My birthday turned out fine. Yes I spent the first few hours of it in victim mode, depressed, sad and lonely. I didn’t weep quietly or wipe away a tear or two; no I cried and cried, loud and messy till there was no more tears left to cry. I wallowed in misery and self-pity, walking around sorry for myself, refusing to be happy for being alive.
But my day quickly turned around and by noon there were barely any tears left. Logic had set in. Realizing how much love the universe was sending my way I wiped my nose, dried my eyes and turned my upset face into a smile. Since midnight I had received countless messages on my Facebook, numerous phone calls on Skype, some text messages on my mobile, and a few notes on my blog, all filled with many wishes from friends and family both here and abroad. And then before going out to dinner with my family, when I least expected it I received the best gift of all. A bouquet of roses, red and white, beautifully tied in a golden bow. The bouquet was from a man, but not just any man. It was from the man I least expected it from, yet most cherished. And that simple gesture from none other than my “baby” brother meant the world to me.

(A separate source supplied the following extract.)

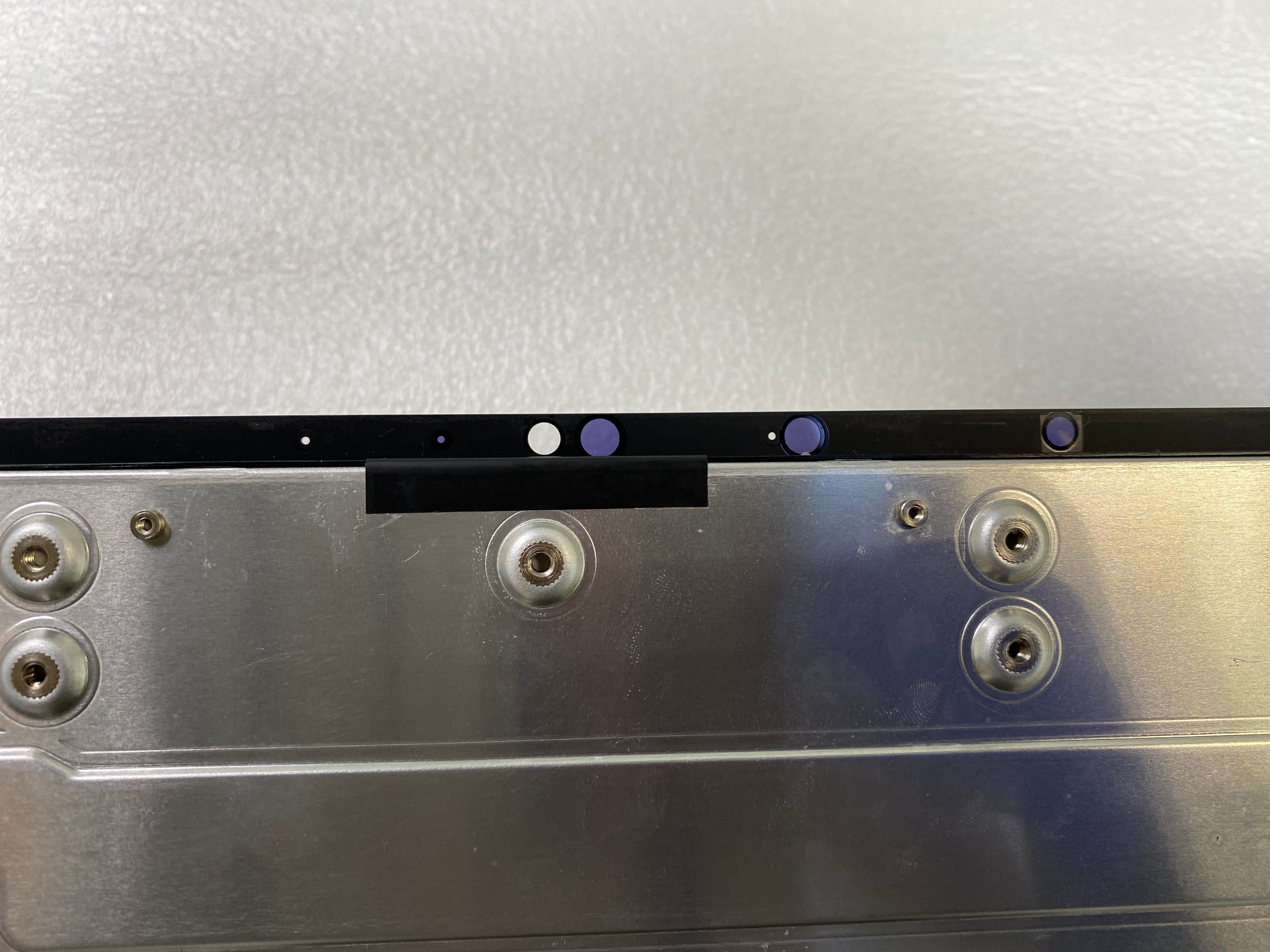 HP Envy Move 24-CS N65679-001 23.8" QHD LCD Screen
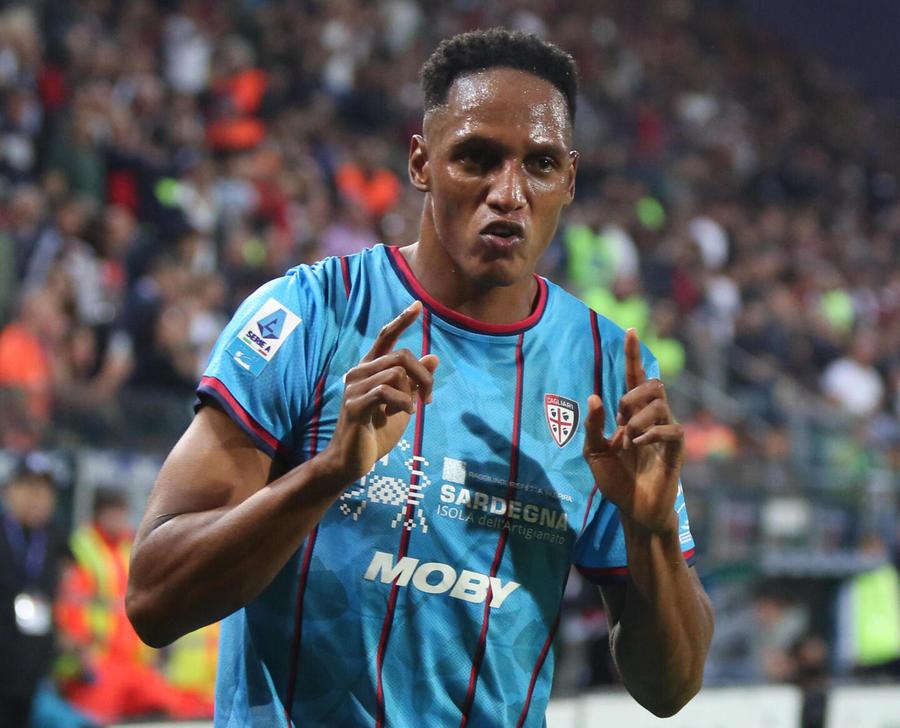 Mina: pronto per la prossima partita in casa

So yes, maybe like lesson #45 says: the best is yet to come. Maybe when one door closes it’s not a window that opens up, but rather another door, a better one. It’s just that so often we look so long and so regretfully at the door that closed that we do not see the one that opened up for us. And yes maybe it is true that in the midst of difficulty lies opportunity. The pessimist in me sees the difficulty in every opportunity; but it is the optimist in me that still searches with hope for that opportunity that lies in every difficulty. So maybe life isn’t tied with a bow (like my bouquet of flowers), but it’s still a gift. And that’s lesson #50, the last lesson of the book “Life’s Little Detours” by Regina Brett. So have I discovered all the secrets to finding and holding on to happiness? I’m not sure. But I know I will get there, because the best is yet to come.